Tribunal Administratif de Châlons-en-Champagne — Décision N° TA51-2300857

jeudi 20 juillet 2023

JuridictionTribunal Administratif de Châlons-en-Champagne
SectionTribunal Administratif de Châlons-en-Champagne
N° DossierTA51-2300857
TypeDécision
PublicationC
Formation1ère chambre
Avocat requérantSELARL MAINNEVRET-MALBLANC

Texte intégral

Vu la procédure suivante :

Par une requête et une pièce complémentaire, enregistrées le 18 avril 2023 et le 10 mai 2023, Mme A C B, représentée par Me Mainnevret, demande au tribunal :

1°) d'annuler l'arrêté du 21 mars 2023 par lequel le préfet de la Marne a refusé de renouveler son titre de séjour, l'a obligée à quitter le territoire français dans le délai de trente jours et a fixé le pays à destination duquel elle est susceptible d'être éloignée ;

2°) d'enjoindre au préfet de la Marne de lui délivrer un titre de séjour et, à titre subsidiaire, de réexaminer sa situation et de lui délivrer une autorisation provisoire de séjour pendant la durée de ce réexamen ;

3°) de mettre à la charge de l'État une somme de 1 200 euros, à verser à son conseil, au titre de l'article L. 761-1 du code de justice administrative et de l'article 37 de la loi du 10 juillet 1991.

Mme B soutient que :

- la décision de refus de titre de séjour méconnaît l'article L. 422-1 du code de l'entrée et du séjour des étrangers et du droit d'asile ;

- la décision portant obligation de quitter le territoire français est dépourvue de base légale en raison de l'illégalité de la décision de refus de titre ;

- elle méconnaît l'article 8 de la convention européenne de sauvegarde des droits de l'homme et des libertés fondamentales ;

- la décision fixant le pays de renvoi méconnaît l'article 3 de la convention européenne de sauvegarde des droits de l'homme et des libertés fondamentales.

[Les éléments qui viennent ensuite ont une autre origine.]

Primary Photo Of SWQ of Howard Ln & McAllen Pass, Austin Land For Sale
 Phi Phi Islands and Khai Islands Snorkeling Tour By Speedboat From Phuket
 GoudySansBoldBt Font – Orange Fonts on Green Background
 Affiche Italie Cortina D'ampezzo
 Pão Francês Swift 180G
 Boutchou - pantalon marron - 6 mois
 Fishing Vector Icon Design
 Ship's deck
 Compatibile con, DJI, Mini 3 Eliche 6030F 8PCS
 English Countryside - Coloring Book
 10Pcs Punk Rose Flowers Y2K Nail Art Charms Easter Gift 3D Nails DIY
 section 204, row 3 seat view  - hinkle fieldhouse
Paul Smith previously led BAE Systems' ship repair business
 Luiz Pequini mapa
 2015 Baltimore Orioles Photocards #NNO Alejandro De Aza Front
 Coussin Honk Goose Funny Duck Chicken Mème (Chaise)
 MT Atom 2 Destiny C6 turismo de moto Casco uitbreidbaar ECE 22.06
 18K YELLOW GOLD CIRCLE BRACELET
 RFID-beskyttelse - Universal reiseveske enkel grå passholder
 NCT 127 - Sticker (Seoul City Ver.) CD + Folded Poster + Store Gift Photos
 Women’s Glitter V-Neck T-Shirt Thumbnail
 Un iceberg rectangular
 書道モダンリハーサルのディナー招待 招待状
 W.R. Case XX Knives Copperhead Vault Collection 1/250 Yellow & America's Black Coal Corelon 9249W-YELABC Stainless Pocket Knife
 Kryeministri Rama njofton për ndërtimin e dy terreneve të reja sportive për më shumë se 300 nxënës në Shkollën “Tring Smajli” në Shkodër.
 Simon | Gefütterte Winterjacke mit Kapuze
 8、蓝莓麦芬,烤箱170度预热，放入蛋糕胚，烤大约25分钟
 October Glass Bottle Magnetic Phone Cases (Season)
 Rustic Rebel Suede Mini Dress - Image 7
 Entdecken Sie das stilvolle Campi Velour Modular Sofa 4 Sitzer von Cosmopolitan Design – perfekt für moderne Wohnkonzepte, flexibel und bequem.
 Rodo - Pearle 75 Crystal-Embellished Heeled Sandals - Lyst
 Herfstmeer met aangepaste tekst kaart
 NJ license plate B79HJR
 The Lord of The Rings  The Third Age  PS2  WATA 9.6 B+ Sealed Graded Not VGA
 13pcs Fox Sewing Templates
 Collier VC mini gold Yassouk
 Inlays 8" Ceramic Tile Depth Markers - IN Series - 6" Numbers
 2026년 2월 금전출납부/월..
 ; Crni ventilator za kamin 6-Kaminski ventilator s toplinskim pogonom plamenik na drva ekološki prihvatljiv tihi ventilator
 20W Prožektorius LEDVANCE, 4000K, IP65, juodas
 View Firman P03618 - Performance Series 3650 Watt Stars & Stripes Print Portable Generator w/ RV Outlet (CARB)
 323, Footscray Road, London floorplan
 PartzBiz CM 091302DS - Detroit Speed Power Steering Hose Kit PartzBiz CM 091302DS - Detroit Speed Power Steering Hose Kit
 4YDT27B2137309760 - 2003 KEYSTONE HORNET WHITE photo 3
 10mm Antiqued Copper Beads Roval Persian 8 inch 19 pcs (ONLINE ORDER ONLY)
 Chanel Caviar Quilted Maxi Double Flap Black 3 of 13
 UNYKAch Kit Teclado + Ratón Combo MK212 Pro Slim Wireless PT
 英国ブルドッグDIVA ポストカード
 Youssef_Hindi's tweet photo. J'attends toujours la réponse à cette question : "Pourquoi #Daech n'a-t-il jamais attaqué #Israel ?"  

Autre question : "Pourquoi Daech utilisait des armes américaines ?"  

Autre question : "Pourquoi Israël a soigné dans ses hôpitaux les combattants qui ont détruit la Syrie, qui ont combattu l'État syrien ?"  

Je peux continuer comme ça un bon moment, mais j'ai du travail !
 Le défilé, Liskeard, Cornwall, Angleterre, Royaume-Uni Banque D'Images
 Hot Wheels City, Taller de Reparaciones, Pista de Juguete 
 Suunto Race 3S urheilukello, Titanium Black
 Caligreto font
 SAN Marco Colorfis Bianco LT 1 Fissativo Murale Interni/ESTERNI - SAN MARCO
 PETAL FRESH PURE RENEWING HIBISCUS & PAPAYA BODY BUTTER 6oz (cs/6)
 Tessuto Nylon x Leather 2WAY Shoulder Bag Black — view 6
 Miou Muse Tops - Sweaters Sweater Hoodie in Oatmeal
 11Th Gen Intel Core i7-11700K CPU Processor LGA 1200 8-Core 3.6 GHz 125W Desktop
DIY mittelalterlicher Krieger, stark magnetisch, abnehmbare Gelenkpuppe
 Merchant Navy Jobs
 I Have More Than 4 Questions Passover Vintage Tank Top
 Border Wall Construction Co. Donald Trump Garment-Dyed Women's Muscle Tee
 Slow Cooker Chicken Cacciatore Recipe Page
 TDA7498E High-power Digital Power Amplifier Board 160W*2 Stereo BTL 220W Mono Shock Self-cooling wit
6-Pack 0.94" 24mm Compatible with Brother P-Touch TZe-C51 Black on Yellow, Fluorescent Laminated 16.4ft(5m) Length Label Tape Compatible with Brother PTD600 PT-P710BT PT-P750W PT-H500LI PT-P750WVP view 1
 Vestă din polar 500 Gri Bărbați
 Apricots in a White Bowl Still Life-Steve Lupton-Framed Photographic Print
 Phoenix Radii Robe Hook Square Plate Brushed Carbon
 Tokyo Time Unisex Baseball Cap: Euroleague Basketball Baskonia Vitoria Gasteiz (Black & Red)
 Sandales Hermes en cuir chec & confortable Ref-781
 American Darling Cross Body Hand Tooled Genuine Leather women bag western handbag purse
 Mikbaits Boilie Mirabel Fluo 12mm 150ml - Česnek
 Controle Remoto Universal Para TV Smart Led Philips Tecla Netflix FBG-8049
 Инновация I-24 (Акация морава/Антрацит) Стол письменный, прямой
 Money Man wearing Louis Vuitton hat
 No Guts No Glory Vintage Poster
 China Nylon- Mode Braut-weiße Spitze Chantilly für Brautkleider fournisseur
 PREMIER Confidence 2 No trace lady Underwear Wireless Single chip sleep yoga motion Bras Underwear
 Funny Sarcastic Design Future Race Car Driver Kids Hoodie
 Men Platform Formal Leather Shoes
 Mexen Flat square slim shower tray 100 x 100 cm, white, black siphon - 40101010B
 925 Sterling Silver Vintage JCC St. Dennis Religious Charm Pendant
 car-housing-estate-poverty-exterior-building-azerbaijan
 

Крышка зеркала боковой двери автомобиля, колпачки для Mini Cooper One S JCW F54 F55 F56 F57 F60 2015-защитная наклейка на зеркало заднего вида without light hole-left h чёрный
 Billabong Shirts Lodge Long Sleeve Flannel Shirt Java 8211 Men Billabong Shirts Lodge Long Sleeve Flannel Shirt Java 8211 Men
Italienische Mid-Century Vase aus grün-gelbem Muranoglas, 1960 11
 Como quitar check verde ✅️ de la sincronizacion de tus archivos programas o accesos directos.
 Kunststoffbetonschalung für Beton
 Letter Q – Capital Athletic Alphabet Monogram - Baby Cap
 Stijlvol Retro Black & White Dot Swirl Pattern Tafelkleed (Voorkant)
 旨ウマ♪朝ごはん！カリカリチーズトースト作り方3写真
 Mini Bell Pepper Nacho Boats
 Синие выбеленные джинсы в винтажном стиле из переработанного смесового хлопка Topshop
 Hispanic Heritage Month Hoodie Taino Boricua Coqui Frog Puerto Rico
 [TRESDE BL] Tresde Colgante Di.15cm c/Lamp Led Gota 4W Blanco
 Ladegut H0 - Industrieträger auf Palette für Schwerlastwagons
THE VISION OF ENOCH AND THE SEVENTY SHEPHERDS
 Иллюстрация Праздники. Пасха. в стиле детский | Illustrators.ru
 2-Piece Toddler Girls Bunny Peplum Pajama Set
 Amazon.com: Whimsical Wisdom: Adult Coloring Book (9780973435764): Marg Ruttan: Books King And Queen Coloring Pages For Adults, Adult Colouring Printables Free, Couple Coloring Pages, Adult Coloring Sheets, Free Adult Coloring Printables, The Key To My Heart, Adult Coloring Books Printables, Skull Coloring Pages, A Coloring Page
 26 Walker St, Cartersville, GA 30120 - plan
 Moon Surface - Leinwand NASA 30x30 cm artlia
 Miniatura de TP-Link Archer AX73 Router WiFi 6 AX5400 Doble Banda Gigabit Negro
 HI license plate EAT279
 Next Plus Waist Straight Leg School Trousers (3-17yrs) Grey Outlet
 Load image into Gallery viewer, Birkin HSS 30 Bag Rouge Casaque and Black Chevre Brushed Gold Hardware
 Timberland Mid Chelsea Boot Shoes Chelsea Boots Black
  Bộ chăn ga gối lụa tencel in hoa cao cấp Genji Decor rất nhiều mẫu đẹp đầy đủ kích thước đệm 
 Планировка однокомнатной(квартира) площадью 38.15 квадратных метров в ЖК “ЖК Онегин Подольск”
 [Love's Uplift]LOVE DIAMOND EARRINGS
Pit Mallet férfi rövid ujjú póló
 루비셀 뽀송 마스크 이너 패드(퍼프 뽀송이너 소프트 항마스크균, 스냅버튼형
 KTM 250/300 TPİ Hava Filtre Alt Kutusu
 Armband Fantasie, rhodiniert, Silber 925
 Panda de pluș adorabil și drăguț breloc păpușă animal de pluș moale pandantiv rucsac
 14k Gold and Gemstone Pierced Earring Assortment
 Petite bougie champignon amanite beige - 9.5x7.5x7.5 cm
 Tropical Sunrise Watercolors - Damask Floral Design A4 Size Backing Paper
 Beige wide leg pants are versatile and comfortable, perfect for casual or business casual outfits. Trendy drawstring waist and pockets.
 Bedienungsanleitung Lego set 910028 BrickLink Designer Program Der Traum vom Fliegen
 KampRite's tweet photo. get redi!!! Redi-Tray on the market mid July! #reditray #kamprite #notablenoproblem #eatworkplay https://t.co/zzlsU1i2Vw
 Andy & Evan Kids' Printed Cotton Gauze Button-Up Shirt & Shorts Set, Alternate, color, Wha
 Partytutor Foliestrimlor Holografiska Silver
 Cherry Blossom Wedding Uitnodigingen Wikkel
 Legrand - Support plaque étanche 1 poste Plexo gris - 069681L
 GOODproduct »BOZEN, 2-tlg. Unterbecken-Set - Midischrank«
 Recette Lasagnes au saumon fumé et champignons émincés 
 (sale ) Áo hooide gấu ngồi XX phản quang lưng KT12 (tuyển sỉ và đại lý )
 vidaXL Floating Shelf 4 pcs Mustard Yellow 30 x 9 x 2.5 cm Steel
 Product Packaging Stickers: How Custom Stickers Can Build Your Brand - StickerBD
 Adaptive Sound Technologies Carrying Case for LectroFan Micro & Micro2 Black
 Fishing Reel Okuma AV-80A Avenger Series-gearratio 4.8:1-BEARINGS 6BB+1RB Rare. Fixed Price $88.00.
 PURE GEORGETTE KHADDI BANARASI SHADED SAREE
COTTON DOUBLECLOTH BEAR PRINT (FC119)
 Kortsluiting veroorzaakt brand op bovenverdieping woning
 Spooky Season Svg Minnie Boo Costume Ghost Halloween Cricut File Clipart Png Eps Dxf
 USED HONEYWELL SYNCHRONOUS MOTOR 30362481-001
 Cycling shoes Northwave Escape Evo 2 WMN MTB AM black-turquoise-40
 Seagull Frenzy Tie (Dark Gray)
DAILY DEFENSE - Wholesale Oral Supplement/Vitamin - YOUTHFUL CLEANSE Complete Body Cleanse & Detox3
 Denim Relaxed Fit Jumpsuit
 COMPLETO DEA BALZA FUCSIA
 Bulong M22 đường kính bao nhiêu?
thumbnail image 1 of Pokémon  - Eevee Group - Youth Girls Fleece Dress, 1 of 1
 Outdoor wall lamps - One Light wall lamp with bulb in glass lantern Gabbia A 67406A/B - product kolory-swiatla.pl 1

Le préfet de la Marne a produit des pièces, enregistrées le 16 juin 2023.

Mme B a été admise au bénéfice de l'aide juridictionnelle totale par une décision du 20 mai 2023.

Vu les autres pièces du dossier.

Vu :

- la convention européenne de sauvegarde des droits de l'homme et des libertés fondamentales ;

- le code de l'entrée et du séjour des étrangers et du droit d'asile ;

- la loi n° 91-647 du 10 juillet 1991 ;

- le code de justice administrative.

La présidente de la formation de jugement a dispensé le rapporteur public, sur sa proposition, de prononcer des conclusions à l'audience.

Les parties ont été régulièrement averties du jour de l'audience.

Ont été entendus au cours de l'audience publique :

- le rapport de Mme Castellani, première conseillère,

- les observations de Me Malblanc, représentant Mme B,

- et les observations de Mme B.

Considérant ce qui suit :

1. Mme B, ressortissante tchadienne née le 8 octobre 1993, est entrée en France en septembre 2013 sous couvert d'un visa de long séjour valant titre de séjour pendant un an. Elle a bénéficié de titres de séjour en qualité d'étudiante, régulièrement renouvelés jusqu'en 2022. Elle a sollicité en novembre 2022 le renouvellement de son titre de séjour. Par arrêté du 21 mars 2023, dont elle demande l'annulation, le préfet de la Marne a rejeté sa demande, l'a obligée à quitter le territoire français dans le délai de trente jours et a fixé le pays à destination duquel elle est susceptible d'être éloignée.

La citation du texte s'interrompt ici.